INSTRUCTIONS TO FOLLOW>
Starting at the first line of the data below, retype every line up to and including the one containing "vidaXL Rectangular Coffee".

Scraped caption text data>
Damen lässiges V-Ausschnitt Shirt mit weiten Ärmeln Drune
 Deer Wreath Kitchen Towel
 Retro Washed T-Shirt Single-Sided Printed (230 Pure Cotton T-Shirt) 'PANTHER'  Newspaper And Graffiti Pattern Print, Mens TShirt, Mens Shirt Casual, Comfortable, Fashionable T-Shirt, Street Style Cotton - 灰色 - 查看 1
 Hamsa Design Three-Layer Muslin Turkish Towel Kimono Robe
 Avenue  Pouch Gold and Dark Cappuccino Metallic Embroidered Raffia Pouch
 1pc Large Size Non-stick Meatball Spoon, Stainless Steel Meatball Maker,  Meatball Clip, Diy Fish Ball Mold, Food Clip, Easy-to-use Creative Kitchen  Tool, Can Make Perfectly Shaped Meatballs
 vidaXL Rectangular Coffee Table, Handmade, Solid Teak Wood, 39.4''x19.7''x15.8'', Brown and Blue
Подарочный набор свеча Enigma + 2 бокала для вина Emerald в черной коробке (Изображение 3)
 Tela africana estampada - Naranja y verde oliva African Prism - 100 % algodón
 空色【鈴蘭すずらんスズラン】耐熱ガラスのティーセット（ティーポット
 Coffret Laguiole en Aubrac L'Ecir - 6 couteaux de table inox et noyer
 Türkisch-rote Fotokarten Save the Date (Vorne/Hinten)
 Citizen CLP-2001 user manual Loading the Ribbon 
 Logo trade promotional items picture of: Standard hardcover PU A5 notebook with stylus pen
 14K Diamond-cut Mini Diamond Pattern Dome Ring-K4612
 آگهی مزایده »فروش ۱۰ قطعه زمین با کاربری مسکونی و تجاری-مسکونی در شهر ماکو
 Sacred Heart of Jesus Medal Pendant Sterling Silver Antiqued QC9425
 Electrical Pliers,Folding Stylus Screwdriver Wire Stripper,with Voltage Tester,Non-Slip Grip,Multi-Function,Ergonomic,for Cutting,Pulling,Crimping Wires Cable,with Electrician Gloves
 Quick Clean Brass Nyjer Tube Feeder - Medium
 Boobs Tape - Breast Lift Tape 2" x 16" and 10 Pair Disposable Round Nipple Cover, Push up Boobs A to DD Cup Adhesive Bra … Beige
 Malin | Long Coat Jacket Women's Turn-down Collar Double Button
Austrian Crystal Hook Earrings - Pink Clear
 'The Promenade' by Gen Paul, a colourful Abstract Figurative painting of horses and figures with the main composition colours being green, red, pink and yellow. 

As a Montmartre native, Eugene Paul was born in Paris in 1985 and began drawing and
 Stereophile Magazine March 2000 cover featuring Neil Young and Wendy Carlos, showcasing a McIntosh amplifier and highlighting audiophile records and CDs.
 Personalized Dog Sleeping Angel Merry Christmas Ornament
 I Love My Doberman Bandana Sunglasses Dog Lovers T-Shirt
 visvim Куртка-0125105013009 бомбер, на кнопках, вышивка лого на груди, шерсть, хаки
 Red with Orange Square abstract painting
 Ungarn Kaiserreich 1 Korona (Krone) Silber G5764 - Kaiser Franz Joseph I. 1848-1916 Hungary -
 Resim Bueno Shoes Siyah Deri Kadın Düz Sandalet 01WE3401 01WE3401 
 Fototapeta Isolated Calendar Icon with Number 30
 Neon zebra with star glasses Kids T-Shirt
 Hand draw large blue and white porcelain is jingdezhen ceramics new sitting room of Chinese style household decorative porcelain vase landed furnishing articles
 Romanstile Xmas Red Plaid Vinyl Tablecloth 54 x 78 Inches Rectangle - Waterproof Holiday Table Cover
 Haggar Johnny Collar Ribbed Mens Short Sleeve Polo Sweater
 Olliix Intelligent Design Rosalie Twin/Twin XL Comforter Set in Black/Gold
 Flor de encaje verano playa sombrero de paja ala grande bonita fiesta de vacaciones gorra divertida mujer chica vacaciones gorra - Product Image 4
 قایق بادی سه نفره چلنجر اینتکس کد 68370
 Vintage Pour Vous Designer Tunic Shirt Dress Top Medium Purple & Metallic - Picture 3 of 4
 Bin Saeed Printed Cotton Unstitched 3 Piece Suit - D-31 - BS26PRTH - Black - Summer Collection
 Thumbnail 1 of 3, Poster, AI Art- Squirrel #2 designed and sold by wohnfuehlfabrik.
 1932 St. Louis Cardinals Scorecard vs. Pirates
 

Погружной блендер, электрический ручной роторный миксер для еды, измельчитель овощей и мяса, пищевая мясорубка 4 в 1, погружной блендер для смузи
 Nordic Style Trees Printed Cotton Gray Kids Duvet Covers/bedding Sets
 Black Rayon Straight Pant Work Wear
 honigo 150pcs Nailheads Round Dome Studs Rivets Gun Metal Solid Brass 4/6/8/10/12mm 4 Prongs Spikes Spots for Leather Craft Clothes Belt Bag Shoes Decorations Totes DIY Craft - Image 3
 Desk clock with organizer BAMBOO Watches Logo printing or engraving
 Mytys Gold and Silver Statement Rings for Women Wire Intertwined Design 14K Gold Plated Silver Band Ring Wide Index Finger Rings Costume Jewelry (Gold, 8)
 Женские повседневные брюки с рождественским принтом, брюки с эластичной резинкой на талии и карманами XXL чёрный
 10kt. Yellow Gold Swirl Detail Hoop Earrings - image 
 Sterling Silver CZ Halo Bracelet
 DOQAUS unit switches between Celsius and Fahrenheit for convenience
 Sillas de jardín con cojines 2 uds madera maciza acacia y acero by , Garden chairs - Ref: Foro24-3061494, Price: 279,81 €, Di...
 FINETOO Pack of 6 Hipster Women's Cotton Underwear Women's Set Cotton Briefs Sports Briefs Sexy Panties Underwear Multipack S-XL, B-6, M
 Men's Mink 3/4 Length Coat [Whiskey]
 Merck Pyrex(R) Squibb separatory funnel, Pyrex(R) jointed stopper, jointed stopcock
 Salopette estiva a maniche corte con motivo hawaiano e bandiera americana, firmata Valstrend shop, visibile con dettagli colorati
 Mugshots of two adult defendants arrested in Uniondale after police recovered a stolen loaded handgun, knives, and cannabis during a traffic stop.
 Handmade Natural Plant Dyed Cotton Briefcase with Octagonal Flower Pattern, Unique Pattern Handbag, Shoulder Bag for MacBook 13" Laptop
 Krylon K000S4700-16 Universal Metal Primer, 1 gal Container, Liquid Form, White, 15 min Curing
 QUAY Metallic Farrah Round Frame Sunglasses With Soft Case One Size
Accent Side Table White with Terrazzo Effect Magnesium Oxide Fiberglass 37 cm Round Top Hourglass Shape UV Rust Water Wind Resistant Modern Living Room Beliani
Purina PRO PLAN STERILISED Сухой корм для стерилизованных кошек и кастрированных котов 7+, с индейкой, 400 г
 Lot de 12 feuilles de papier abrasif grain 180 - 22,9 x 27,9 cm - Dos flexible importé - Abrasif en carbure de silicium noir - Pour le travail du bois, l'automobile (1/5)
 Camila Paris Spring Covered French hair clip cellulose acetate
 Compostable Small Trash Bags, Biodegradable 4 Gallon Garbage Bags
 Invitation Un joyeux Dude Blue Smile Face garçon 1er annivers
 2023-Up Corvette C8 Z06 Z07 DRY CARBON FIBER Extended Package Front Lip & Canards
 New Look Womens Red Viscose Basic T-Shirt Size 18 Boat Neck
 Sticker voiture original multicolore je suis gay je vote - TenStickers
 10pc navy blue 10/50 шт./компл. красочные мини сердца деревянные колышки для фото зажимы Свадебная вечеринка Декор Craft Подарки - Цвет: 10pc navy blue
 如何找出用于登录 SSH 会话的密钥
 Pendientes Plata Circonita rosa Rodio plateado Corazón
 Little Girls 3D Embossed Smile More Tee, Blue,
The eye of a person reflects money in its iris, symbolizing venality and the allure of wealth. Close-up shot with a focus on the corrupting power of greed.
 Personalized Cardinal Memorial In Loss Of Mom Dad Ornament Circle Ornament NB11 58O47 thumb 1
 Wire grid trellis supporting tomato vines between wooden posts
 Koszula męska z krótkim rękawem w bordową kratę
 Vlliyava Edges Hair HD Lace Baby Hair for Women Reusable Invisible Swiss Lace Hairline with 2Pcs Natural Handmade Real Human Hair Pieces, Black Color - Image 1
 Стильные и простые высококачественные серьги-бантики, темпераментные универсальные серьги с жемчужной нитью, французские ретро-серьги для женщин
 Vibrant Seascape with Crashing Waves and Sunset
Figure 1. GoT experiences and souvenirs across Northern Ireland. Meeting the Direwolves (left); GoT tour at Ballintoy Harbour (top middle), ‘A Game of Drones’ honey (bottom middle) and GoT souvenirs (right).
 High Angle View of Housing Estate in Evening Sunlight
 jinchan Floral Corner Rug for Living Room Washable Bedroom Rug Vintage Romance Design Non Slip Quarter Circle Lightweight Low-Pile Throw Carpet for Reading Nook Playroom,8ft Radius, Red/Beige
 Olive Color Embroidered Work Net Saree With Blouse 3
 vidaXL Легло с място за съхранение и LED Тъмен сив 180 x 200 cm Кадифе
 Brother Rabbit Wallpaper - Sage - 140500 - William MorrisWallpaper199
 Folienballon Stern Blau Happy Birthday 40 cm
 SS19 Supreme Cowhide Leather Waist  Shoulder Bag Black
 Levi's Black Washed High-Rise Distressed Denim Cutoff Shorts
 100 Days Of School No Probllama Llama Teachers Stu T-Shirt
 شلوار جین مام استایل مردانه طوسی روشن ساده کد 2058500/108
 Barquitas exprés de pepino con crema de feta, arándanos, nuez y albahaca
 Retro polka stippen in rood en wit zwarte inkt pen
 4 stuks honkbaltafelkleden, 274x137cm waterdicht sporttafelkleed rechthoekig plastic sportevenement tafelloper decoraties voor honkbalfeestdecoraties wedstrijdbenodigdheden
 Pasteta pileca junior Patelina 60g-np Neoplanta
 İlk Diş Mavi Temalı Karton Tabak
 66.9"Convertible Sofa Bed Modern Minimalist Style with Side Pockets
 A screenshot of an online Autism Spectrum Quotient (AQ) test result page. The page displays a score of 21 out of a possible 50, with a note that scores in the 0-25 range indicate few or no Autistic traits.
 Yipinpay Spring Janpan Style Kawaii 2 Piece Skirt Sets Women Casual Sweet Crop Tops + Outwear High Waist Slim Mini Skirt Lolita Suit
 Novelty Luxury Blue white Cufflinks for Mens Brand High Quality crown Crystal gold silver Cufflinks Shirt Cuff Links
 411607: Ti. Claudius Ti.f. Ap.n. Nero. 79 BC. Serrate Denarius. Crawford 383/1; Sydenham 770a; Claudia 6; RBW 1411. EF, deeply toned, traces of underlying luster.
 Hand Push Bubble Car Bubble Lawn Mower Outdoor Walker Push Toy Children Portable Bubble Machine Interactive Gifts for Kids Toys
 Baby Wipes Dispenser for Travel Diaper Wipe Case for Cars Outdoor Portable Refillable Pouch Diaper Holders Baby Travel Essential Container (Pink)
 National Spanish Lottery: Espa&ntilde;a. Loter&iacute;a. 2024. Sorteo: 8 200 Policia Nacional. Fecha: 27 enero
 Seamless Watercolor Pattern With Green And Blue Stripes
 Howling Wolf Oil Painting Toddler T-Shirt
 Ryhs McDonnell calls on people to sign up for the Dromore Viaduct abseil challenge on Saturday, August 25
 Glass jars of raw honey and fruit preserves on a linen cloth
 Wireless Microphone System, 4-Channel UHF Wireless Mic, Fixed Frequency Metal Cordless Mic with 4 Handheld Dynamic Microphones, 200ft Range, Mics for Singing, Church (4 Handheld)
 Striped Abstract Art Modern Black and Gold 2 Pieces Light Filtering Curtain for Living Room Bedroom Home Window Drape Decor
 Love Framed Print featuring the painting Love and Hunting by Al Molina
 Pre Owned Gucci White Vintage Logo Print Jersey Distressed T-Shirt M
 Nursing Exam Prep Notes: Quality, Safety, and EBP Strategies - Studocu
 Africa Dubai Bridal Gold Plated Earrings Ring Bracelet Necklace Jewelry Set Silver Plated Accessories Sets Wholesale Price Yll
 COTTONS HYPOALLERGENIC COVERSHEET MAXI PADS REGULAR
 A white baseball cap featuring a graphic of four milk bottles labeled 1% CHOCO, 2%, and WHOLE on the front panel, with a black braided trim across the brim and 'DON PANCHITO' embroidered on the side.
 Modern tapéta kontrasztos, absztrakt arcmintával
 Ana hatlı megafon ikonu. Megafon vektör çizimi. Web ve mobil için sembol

TASK ANSWER>
Damen lässiges V-Ausschnitt Shirt mit weiten Ärmeln Drune
 Deer Wreath Kitchen Towel
 Retro Washed T-Shirt Single-Sided Printed (230 Pure Cotton T-Shirt) 'PANTHER'  Newspaper And Graffiti Pattern Print, Mens TShirt, Mens Shirt Casual, Comfortable, Fashionable T-Shirt, Street Style Cotton - 灰色 - 查看 1
 Hamsa Design Three-Layer Muslin Turkish Towel Kimono Robe
 Avenue  Pouch Gold and Dark Cappuccino Metallic Embroidered Raffia Pouch
 1pc Large Size Non-stick Meatball Spoon, Stainless Steel Meatball Maker,  Meatball Clip, Diy Fish Ball Mold, Food Clip, Easy-to-use Creative Kitchen  Tool, Can Make Perfectly Shaped Meatballs
 vidaXL Rectangular Coffee Table, Handmade, Solid Teak Wood, 39.4''x19.7''x15.8'', Brown and Blue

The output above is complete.